Data Visualization of Panda Go
The skills the author demoed here can be learned through taking Data Science with Machine Learning bootcamp with NYC Data Science Academy.
PandaGo: The Travel Recommendation System
By: Wenchang Qian, Roger Ren, Andrew Dodd
We would like to start this blog post off with a quote from Dean Sivley, president of Berkshire Hathaway Travel Protection (BHTP) on the emergence of data science in the travel industry:
"The travel industry has always evolved from disruption, whether through air travel or as the Internet opened up the world to travelers. Today, data science is empowering mobile-enabled travelers through more customized shopping, booking and travel experiences. These innovations have touched every space in the travel industry, including travel insurance, to make travel more personalized, faster, and easier."
Sivley's quote here is one of the idea seeds of our project, to make a fast, easy, and personalized travel recommendation system aimed at the consumer. There are many ways to personalize recommendations, such as with collaborative filtering, customizable search queries through natural language processing (NLP), clustering or segmentation of locations, and other methods.
Our team chose to pursue the search query route, with the hopes of exploring other methods in the future. Another factor we reasoned a consumer (often millenials) would be concerned with was price. To address this, our team also wanted to incorporate a "Best Price" feature. To summarize, our goal was to create a smart travel recommendation website that could do more than simple filtering with a range of machine learning algorithms.
- The Data
- The Framework
- The Search Algorithm
- Price Prediction
1. The Data
We decided to use the Airbnb listing data as places for people to choose for their vacation. The Airbnb dataset is sourced from the Inside Airbnb, which web scrapes the Airbnb website periodically for the major cities in the world. For the scope of the project and the time limit, we only used March 2018 New York City to demonstrate the project.
The dataset contains three .csv files, the listings, the reviews and the calendar. The listing file contains approximately 48,000 rows with more than 90 features. The reviews file contains all the reviews corresponding to each listing in New York City with reviewer's Id as well. The calendar file contains the daily availability and the price for each listing from the scrape date to roughly one year later.
In addition to the Airbnb dataset, we also scraped Expedia to create a dataset of flight data for NYC, LA, Chicago, Boston and San Francisco for the next 250 days. Though there is an Expedia API, one long term goal of this project would be to perform flight price prediction in order to help the consumer save money wherever possible. Therefore, one needs to perform more than a few API queries every time a user is on the website. A large amount of flight data is paramount in creating a useful price prediction method. The plans for the data will be further discussed in the conclusion.

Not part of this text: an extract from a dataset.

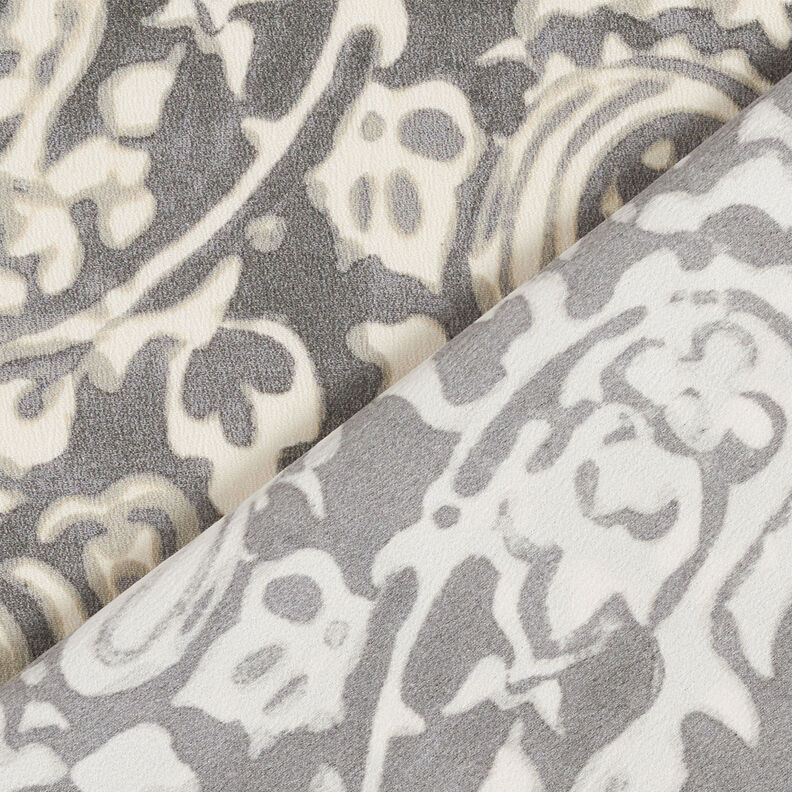 Tissu crêpe Paisley et fleurs – gris/blanc, image number 5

In order to scrape Expedia, several methods were combined for maximal speed. A combination of multiple headers, multiple proxies, and multiprocessing were used within a Python script.
First, a set of ~25 headers were created to help randomize the origination of the script. Next, a number of proxies are scraped off of a free proxy website. Due to the free nature of the proxies used, they are often going to be overloaded, far away or have poor connection. To weed out the slow proxies, each proxy is tested by querying a random website (reddit, neopets, etc.). If the response comes back in less than two seconds, then the proxy is kept. If the response time is over 2 seconds, then the proxy is discarded for being too slow.

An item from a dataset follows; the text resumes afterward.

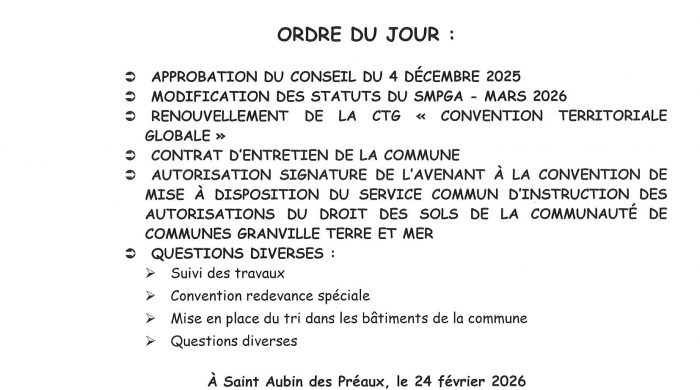 AVIS DU CONSEIL MUNICIPAL DU 3 MARS 2026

The third piece of the puzzle was multiprocessing. Multiprocessing allows for our script to use the proxies in a distributed manner, speeding up the scraping by a factor of 10-50x depending on the exact parameters used. In effect, if a single Python process is used then our scraper could be waiting for a single proxy to respond for a few seconds.
While this is happening, nothing else is happening. This problem is I/O bounded, meaning that the processor is waiting for the internet output response; it is not processing speed bound or CPU bound. So we have a few valid options here. There are a variety of multithreading or multiprocessing implementation options in Python. Here we have chosen to use a library called multiprocessing, which though a little CPU inefficient, is fast and effective on a laptop. Here is a snippet of code to summarize the approach used:
Note the commented lines for multithreading, it would not be too difficult to rewrite this code using multithreading. In fact, one would probably only be changing a few lines of code. This would be a good idea if one wanted to free up CPU for other tasks.
With the Airbnb and flight data, we now have enough information to build a light trip recommendation system.
2. The Framework
The graph below shows the roadmap of the PandaGo development cycle and the high level technical frameworks used. Agile development approach was implemented though out the capstone, which enabled fast test of new concepts and steady pace of delivering products.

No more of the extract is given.